Garland moved to name Smith as special counsel in November, just days after Trump declared that he was running for president again.

In a brief appearance before reporters, Smith set out what he said was the former president’s moral, as well as legal, responsibility for violence at the Capitol on Jan. 6, 2021, saying the riot was “fueled by lies” — Trump’s lies.

Trump, the front-runner for the Republican nomination, has incorporated attacking the investigations into his campaign messaging and fundraising. His advisers have been blunt in private conversations that they see his winning the election as crucial to undoing the charges against him.

In a statement, Trump denounced the indictment.

“Why did they wait two and a half years to bring these fake charges, right in the middle of President Trump’s winning campaign for 2024?” he said, calling it “election interference” and comparing the Biden administration to Nazi Germany.

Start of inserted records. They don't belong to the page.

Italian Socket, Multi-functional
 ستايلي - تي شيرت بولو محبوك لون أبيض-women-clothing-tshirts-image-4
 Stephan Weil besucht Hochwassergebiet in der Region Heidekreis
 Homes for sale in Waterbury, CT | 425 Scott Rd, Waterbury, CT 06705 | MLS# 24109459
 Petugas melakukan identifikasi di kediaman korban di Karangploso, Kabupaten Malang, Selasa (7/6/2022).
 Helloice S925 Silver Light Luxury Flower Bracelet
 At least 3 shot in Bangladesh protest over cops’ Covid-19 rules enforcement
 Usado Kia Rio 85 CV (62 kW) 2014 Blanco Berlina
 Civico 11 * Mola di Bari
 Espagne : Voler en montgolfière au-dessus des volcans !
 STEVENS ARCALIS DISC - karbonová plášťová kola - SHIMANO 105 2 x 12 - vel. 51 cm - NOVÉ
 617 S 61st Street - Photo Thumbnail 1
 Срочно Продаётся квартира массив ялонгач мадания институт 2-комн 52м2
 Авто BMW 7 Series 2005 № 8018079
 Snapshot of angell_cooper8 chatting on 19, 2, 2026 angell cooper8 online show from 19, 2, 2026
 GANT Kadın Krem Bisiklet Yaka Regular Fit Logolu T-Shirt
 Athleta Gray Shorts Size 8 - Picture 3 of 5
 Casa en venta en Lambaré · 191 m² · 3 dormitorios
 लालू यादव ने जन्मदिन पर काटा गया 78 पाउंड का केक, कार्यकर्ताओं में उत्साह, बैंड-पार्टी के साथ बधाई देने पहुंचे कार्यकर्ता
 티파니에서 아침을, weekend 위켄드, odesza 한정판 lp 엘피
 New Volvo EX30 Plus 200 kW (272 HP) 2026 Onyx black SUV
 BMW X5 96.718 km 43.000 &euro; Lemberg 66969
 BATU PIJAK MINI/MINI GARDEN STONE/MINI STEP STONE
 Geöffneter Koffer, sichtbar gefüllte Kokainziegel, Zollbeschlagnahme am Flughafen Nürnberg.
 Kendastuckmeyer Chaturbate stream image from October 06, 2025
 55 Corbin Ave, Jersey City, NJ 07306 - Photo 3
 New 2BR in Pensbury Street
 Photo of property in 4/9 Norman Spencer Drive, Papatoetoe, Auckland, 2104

The judge assigned to Trump’s case, Tanya S. Chutkan, has been a tough jurist in cases against Jan. 6 rioters — and in a case that involved Trump directly. Appointed by President Barack Obama, she has routinely issued harsh penalties against people who stormed the Capitol.

She also denied Trump’s attempt to avoid disclosing documents to the House committee investigating Jan. 6, ordering him to turn over the material and writing, “Presidents are not kings.”

His lead lawyer on the case, John Lauro, laid out what appeared to be the beginning of his defense, telling Fox News, “I would like them to try to prove beyond a reasonable doubt that Donald Trump believed that these allegations” about voter fraud “were false.”

Trump now faces two separate federal indictments. In June, Smith brought charges in Florida accusing Trump of illegally holding on to a highly sensitive trove of national defense documents and then obstructing the government’s attempts to get them back.

In addition to federal charges in the election and documents cases, Trump also faces legal troubles in state courts.

He has been charged by the Manhattan district attorney’s office in a case that centers on hush money payments made to porn actress Stormy Daniels in the run-up to the 2016 election.

The efforts by Trump and his allies to reverse his election loss are also the focus of a separate investigation by the district attorney in Fulton County, Georgia. That inquiry appears likely to generate charges this month.

It seems likely that he will face the prospect of at least three criminal trials next year, even as he is campaigning for the presidency. The Manhattan trial is scheduled to begin in March, and the federal documents case in Florida is set to go to trial in May.